“Now, that's mighty cute of you,” she said admiringly, as she knelt beside him on the platform. “Let's see what you've caught. Look yer!” she added, suddenly lifting a limp stalk, “that's 'old man,' and thar ain't a scrap of it grows nearer than Springer's Rise,—four miles from home.”

“Are you sure?” he asked quickly.

“Sure as pop! I used to go huntin' it for smellidge.”

“For what?” he said, with a bewildered smile.

“For this,”—she thrust the leaves to his nose and then to her own pink nostrils; “for—for”—she hesitated, and then with a mischievous simulation of correctness added, “for the perfume.”

He looked at her admiringly. For all her five feet ten inches, what a mere child she was, after all! What a fool he was to have taken a resentful attitude towards her! How charming and graceful she looked, kneeling there beside him!

“Tell me,” he said suddenly, in a gentler voice, “what were you laughing at just now?”

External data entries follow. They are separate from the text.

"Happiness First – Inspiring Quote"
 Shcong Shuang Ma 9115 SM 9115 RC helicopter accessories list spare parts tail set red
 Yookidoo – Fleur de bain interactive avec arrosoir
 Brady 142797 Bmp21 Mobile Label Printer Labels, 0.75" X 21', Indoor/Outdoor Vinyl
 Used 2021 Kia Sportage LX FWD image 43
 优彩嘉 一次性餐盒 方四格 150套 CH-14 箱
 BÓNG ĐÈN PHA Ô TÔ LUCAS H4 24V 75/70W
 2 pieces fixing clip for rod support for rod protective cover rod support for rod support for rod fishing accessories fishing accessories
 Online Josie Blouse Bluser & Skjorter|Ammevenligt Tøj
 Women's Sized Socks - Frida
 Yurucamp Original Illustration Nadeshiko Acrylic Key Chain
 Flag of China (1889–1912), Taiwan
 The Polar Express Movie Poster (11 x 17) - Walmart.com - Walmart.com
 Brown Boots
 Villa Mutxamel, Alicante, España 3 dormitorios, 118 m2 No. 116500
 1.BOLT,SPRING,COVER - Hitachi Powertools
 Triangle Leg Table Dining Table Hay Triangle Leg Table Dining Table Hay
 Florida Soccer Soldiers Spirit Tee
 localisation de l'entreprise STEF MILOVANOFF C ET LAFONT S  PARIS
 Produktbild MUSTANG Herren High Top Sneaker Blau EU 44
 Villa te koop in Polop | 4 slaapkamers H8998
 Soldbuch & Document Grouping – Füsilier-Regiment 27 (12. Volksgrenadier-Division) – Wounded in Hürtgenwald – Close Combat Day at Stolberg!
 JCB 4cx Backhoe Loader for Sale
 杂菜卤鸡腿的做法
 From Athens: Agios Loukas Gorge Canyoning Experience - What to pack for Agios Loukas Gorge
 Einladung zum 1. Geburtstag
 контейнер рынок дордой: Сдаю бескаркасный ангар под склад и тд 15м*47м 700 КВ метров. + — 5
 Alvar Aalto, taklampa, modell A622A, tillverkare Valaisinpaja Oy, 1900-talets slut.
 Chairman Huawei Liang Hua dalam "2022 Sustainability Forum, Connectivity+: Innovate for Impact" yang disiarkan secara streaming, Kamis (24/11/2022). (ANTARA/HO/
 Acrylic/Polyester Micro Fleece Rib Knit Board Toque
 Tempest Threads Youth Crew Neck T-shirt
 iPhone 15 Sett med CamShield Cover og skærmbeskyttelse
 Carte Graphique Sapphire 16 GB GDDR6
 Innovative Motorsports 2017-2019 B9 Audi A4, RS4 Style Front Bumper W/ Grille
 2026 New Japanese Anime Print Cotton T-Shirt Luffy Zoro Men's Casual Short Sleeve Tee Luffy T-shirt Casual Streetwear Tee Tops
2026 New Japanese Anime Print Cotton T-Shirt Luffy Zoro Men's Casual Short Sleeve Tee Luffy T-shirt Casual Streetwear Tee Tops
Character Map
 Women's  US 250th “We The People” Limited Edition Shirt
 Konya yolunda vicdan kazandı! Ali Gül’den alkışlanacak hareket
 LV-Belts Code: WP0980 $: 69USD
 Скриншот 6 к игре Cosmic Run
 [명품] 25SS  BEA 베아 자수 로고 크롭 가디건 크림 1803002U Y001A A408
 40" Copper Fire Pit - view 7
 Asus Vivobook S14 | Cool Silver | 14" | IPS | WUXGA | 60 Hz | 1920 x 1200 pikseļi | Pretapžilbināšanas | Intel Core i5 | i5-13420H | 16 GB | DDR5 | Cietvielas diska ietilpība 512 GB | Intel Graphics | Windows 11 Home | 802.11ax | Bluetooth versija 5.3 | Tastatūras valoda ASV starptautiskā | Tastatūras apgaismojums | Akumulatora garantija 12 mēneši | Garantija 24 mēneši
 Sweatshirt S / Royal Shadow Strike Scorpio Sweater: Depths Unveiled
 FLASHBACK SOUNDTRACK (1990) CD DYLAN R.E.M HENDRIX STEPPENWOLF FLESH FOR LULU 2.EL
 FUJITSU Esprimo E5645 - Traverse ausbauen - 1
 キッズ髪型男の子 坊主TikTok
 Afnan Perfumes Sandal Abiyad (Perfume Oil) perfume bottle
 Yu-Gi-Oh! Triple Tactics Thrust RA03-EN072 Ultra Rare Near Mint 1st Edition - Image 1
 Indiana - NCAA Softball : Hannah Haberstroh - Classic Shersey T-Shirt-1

Her brown eyes wavered for a moment, and then brimmed with merriment. She threw herself sideways, in a leaning posture, supporting herself on one arm, while with her other hand she slowly drew out her apron string, as she said, in a demure voice:—

“Well, I reckoned it was jest too killin' to think of you, who didn't want to talk to me, and would hev given your hull pile to hev skipped out o' this, jest stuck here alongside o' me, whether you would or no, for Lord knows how long!”

“But that was last night,” he said, in a tone of raillery. “I was tired, and you said so yourself, you know. But I'm ready to talk now. What shall I tell you?”